Turns out, a lot of times when you think you’re being greedy when others are fearful, you’re actually just being dumb when others are smart.

I bought GoPro at $52 per share, and pretty much instantly regretted it. As I watched the money leave my bank account I realized I didn’t know anything about their business, I didn’t own one of their cameras (hadn’t even used one, honestly), and the only reason I bought the stock was because a random friend liked their surfing videos. Call it “post investment clarity.”

Over the next few weeks, my investment kept shrinking. Of course it did. I didn’t want to sell for a loss, but had no faith it would rebound. I was paralyzed and avoided thinking about it, like a stack of dirty dishes, which only made the problem worse.

Then, a miracle: the stock bounced back to $52—no idea why—and I was able to sell for a small profit. I was free.

Shortly thereafter, GoPro crashed for good.

So what does this harrowing tale have to do with Peloton, you might be wondering? 

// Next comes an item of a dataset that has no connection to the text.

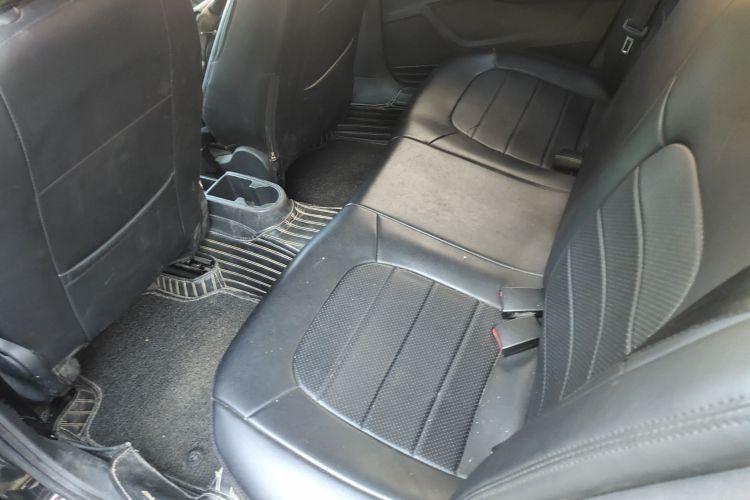 Volkswagen Santana 2021 صورة سيارة #17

Well, I’m now older and theoretically wiser, but I just bought the dip of a consumer hardware company on the theory that content and community can provide it a bulwark against commoditization.

But screw it, this time could be different!

Why I Bought $PTON

I think of Peloton as something like an angel investment—but liquid from day one, and with limited downside. Despite the fact that they are a public company with billions in revenue, an investment today is basically a “team and dream” bet. Peloton is embarking on a new journey led by a new CEO that promises to fundamentally reshape the company.

At the highest level, this is what’s happening:

  • The revenue is moving from one-off hardware sales to recurring subscriptions
  • The content is moving from in-house only to a more open platform (I wrote in detail about this last month)
  • The fitness modality is expanding beyond spinning to all types of workouts
  • The capital investment strategy is moving from mostly hardware-focused to mostly software- and content-focused

It’s a high stakes bet that will affect millions of Peloton users and determine the future of one of the largest and most interesting companies in fitness.

If you think it has a decent shot at working, as I do (we’ll go over why I feel this way in the next section), then now is probably a good time to make the bet. Thanks largely to their recent troubles and partially to an uncertain macro environment, Peloton is pretty damn cheap right now. Their current market value is $8.8 billion, but they had $4.1 billion in revenue in the past 12 months (a mere 2x multiple) and $1.2 billion in gross profit (7x multiple). It gets better. Their current valuation is just a 6.5x multiple of annualized subscription revenue alone. This is way out of range of most comparable growth-stage subscription businesses.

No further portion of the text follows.